DATA RECORDS section start

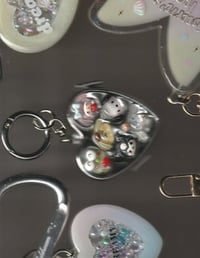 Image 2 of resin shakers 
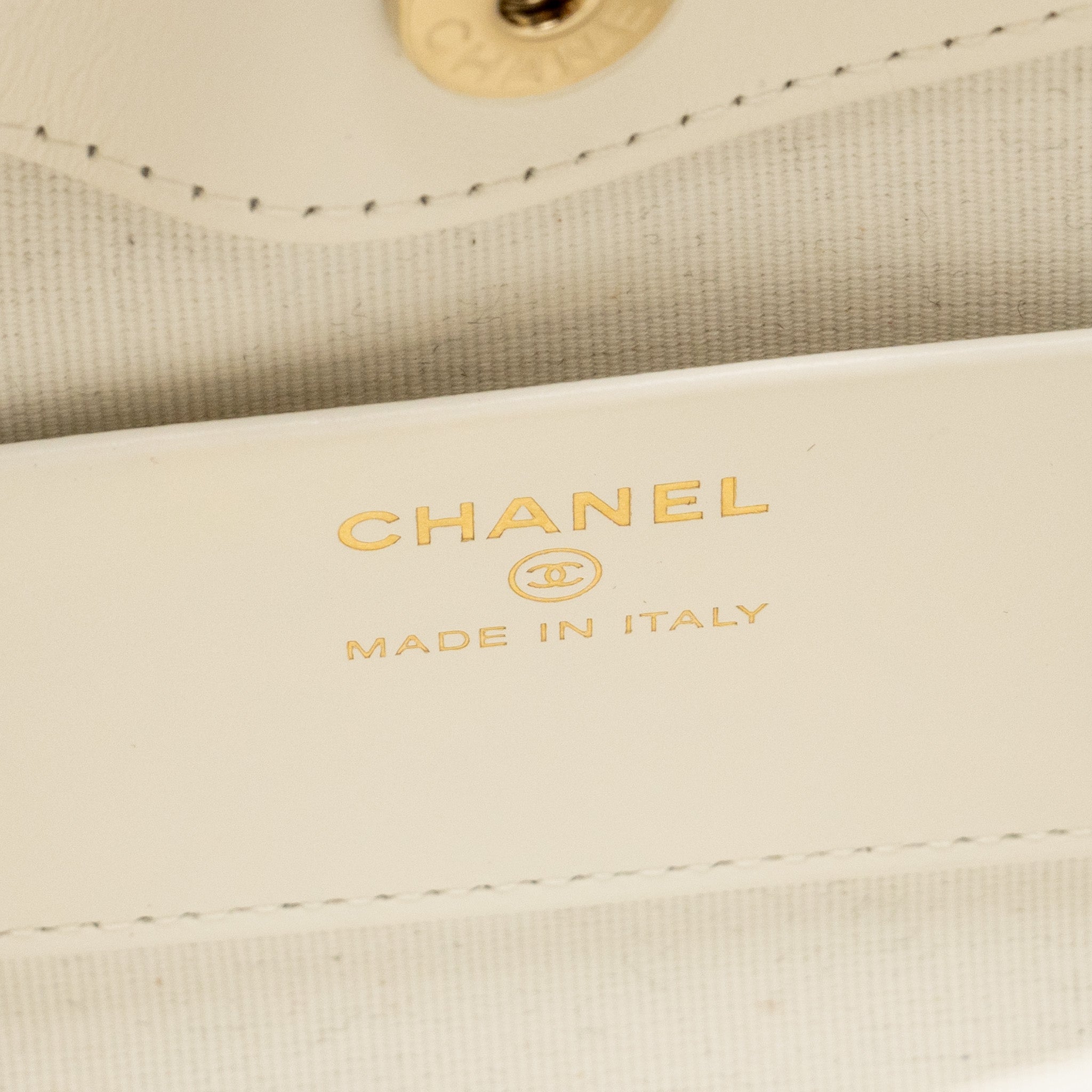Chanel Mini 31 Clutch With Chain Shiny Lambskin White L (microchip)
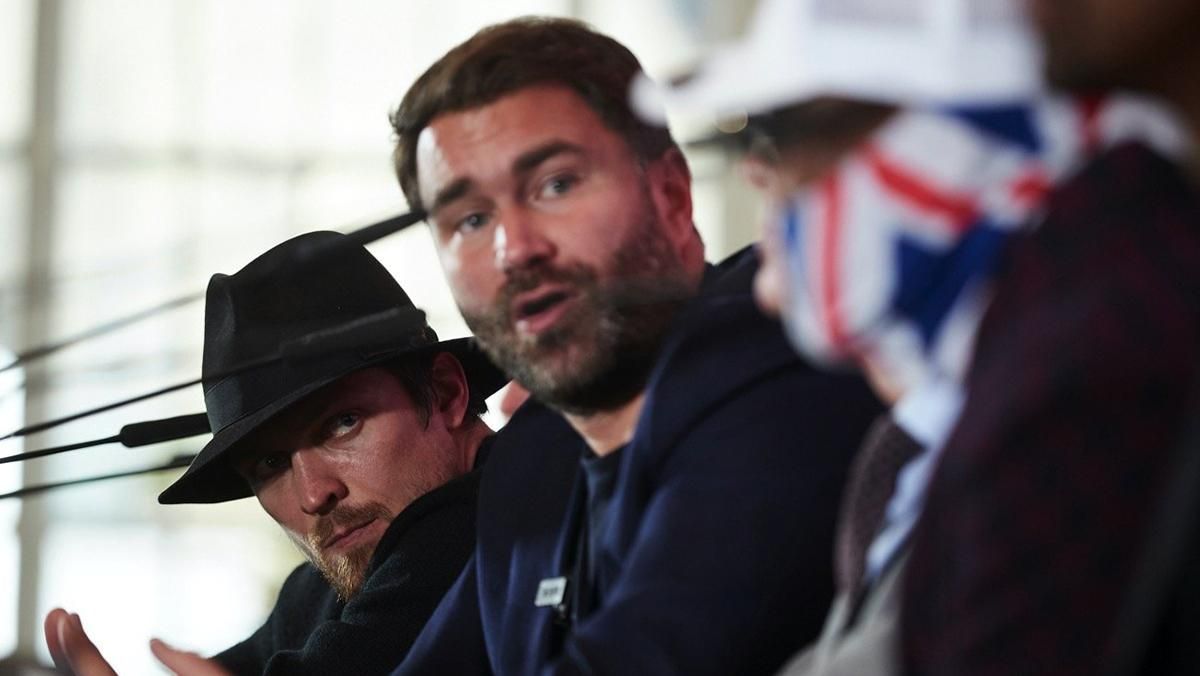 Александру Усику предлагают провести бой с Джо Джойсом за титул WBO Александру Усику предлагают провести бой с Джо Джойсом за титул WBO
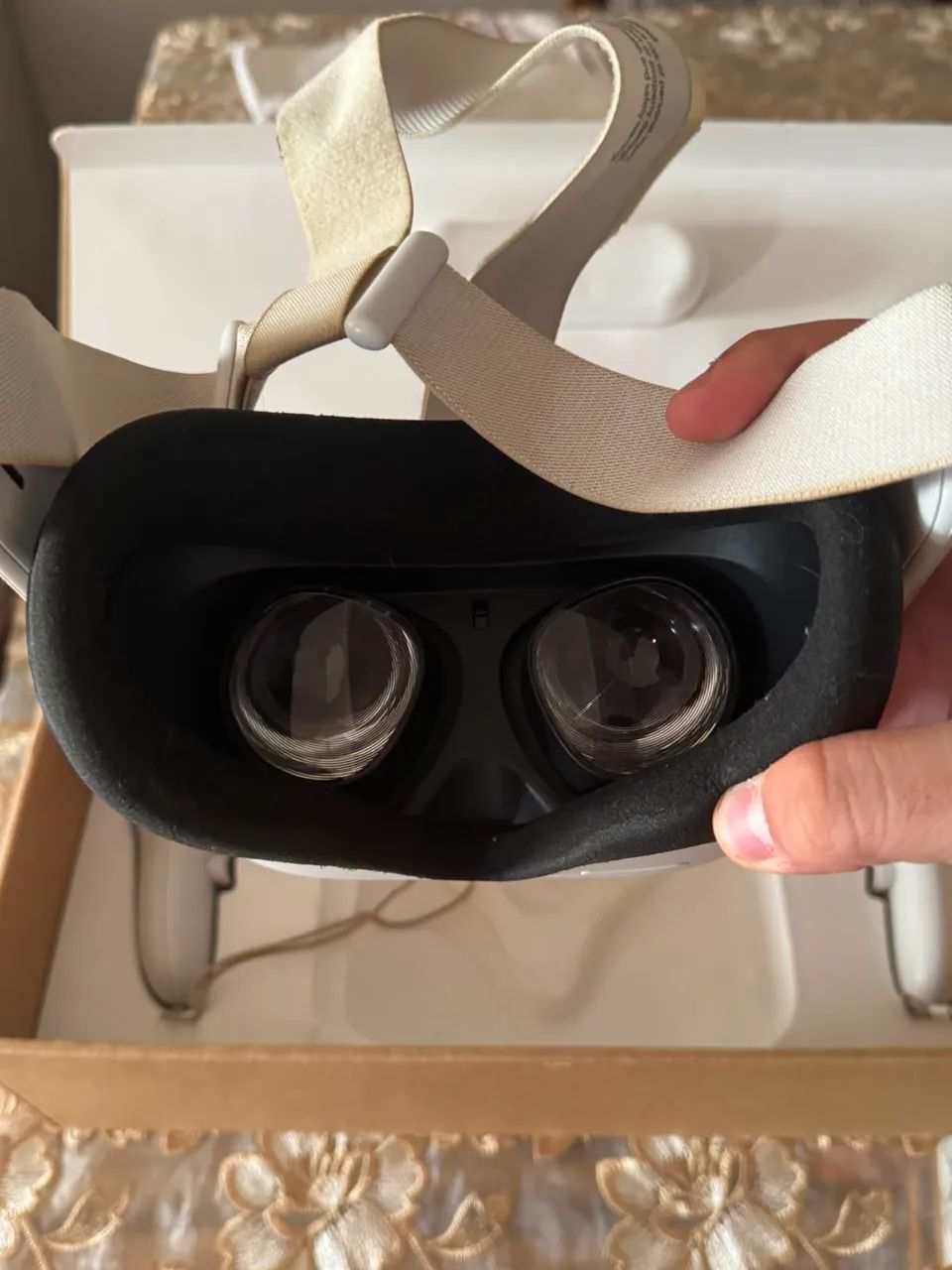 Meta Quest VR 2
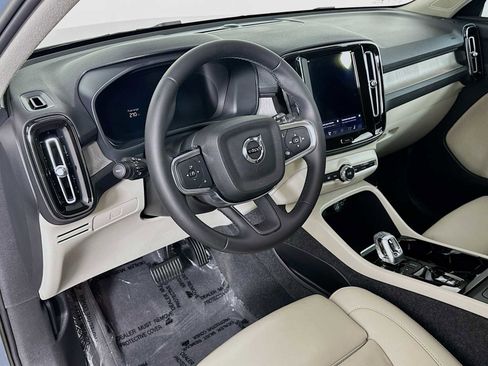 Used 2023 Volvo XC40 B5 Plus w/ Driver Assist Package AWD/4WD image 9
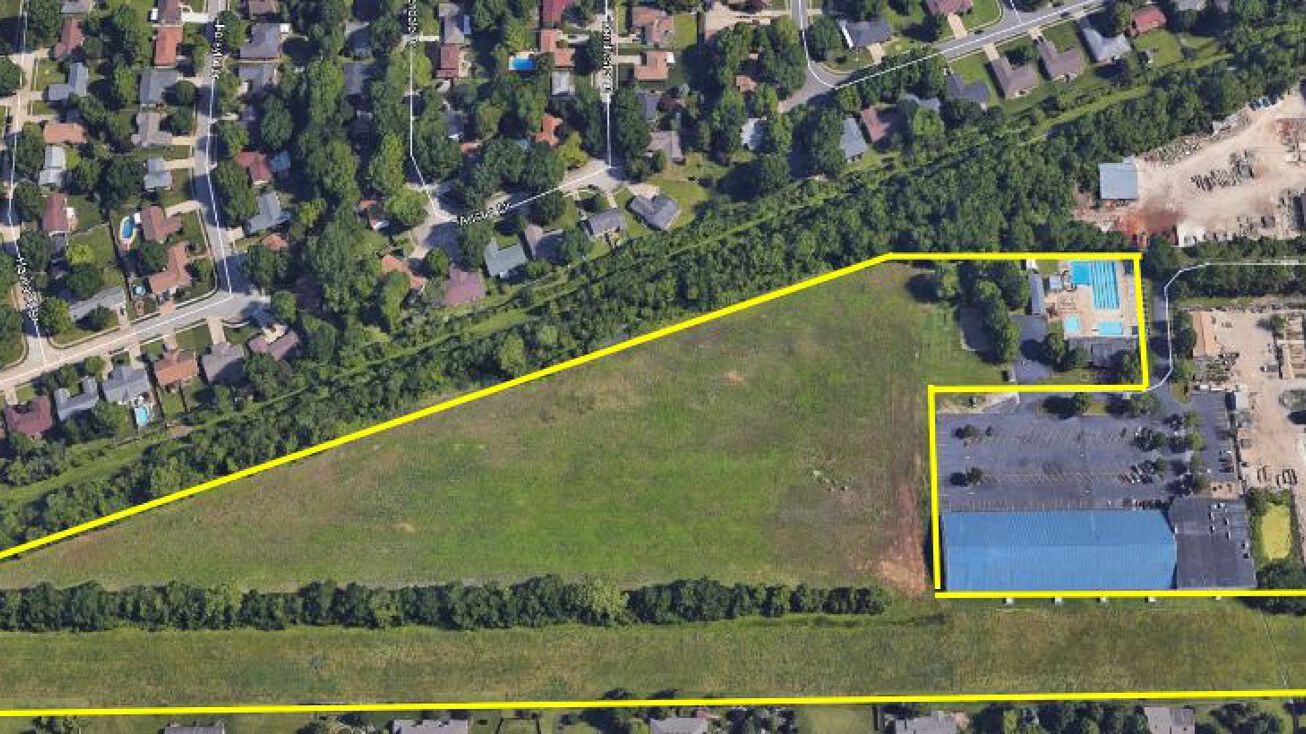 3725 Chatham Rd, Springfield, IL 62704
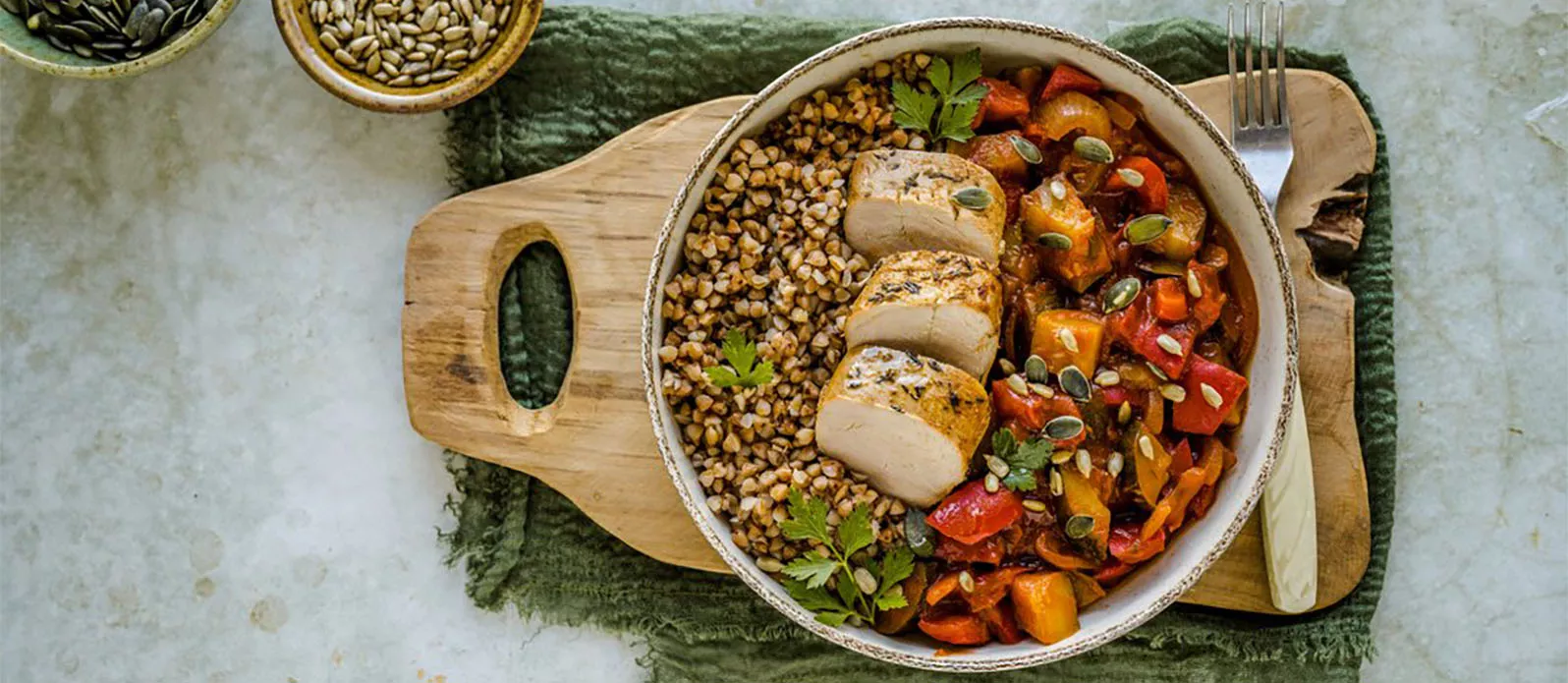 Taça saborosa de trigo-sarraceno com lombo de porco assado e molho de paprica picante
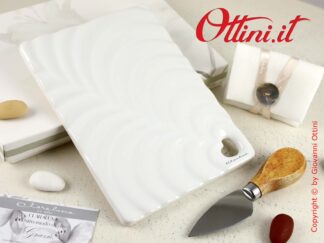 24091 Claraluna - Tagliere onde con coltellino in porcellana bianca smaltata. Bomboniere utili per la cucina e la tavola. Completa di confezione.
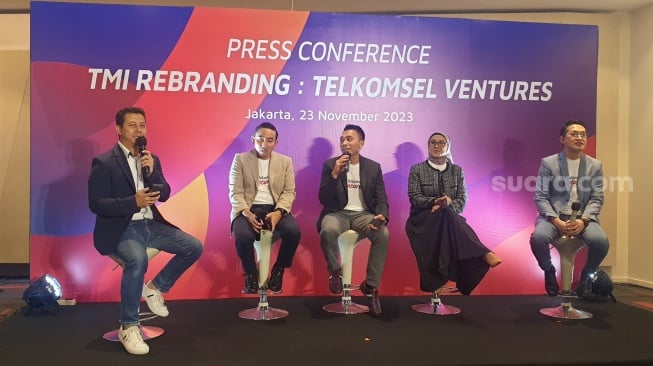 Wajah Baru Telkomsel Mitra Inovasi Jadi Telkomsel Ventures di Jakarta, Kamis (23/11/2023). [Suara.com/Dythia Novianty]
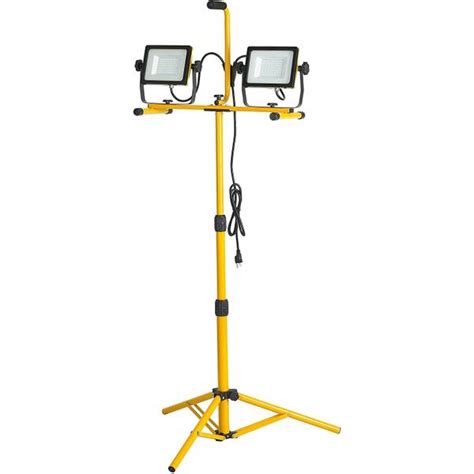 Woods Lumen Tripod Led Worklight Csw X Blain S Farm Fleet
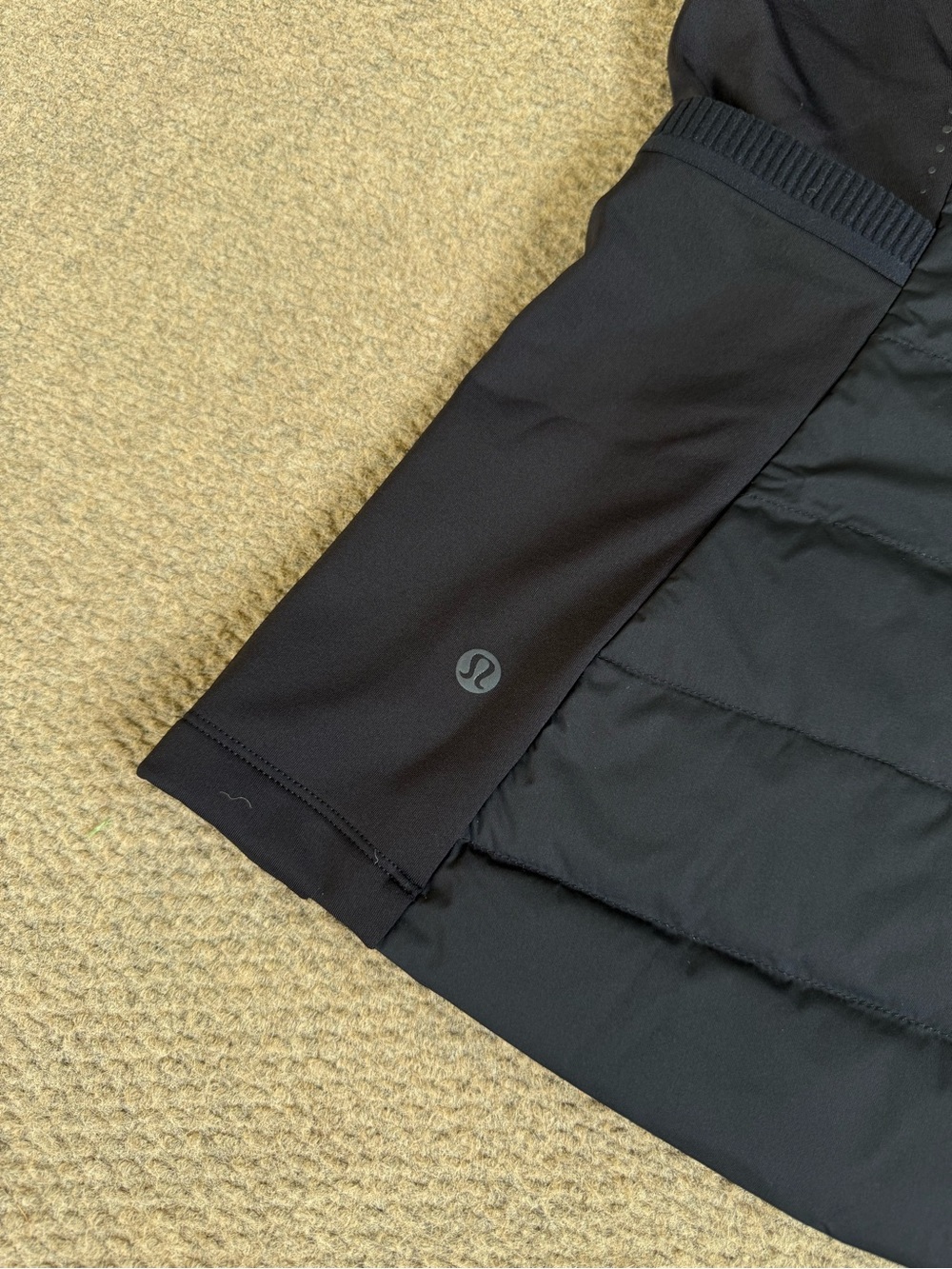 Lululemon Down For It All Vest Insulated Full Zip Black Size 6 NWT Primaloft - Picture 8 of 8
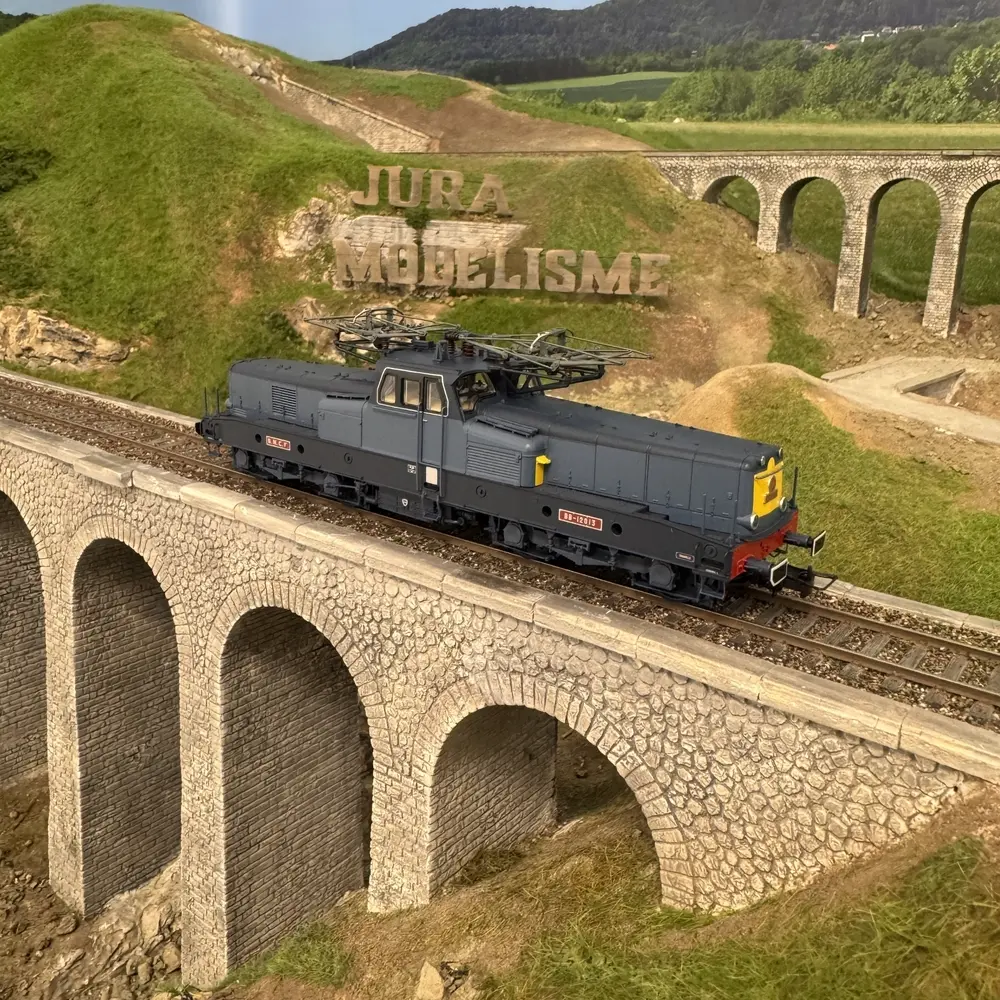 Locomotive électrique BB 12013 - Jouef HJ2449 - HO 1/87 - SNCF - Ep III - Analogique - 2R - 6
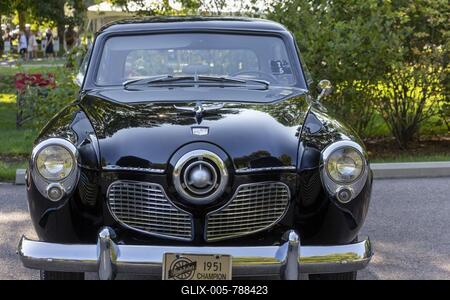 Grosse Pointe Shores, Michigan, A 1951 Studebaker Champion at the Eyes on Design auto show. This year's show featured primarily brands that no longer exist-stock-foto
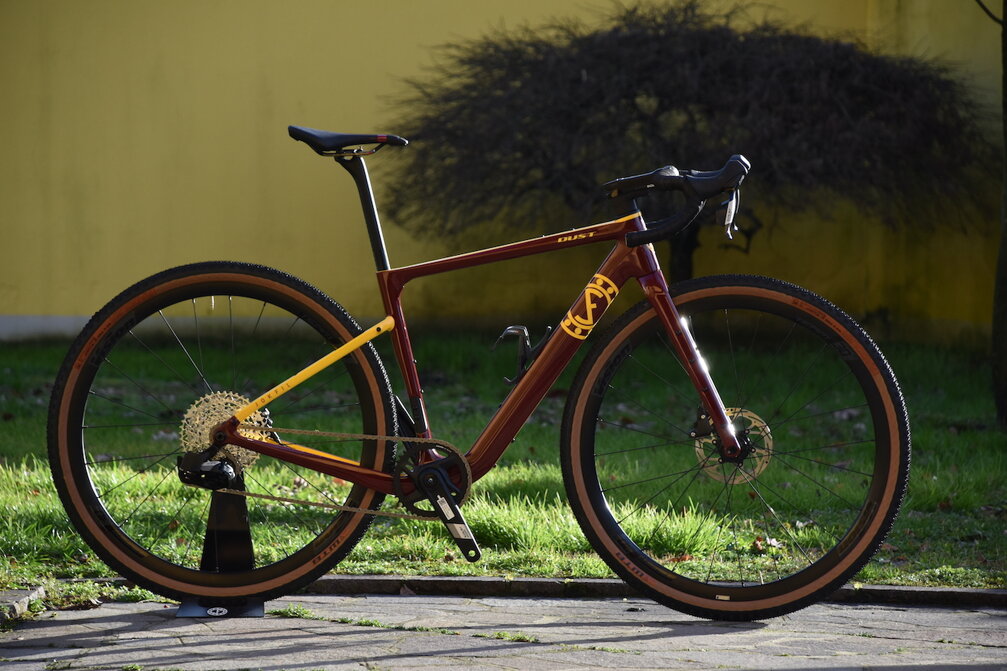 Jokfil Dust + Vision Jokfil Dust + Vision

DATA RECORDS section end

#### [PROBLEM REQUIREMENTS]
Everything but the pictures is needed: copy the data above exactly.

#### [RESPONSE TO THIS TASK]
 Image 2 of resin shakers 
Chanel Mini 31 Clutch With Chain Shiny Lambskin White L (microchip)
 Александру Усику предлагают провести бой с Джо Джойсом за титул WBO Александру Усику предлагают провести бой с Джо Джойсом за титул WBO
 Meta Quest VR 2
 Used 2023 Volvo XC40 B5 Plus w/ Driver Assist Package AWD/4WD image 9
 3725 Chatham Rd, Springfield, IL 62704
 Taça saborosa de trigo-sarraceno com lombo de porco assado e molho de paprica picante
 24091 Claraluna - Tagliere onde con coltellino in porcellana bianca smaltata. Bomboniere utili per la cucina e la tavola. Completa di confezione.
 Wajah Baru Telkomsel Mitra Inovasi Jadi Telkomsel Ventures di Jakarta, Kamis (23/11/2023). [Suara.com/Dythia Novianty]
 Woods Lumen Tripod Led Worklight Csw X Blain S Farm Fleet
 Lululemon Down For It All Vest Insulated Full Zip Black Size 6 NWT Primaloft - Picture 8 of 8
 Locomotive électrique BB 12013 - Jouef HJ2449 - HO 1/87 - SNCF - Ep III - Analogique - 2R - 6
 Grosse Pointe Shores, Michigan, A 1951 Studebaker Champion at the Eyes on Design auto show. This year's show featured primarily brands that no longer exist-stock-foto
 Jokfil Dust + Vision Jokfil Dust + Vision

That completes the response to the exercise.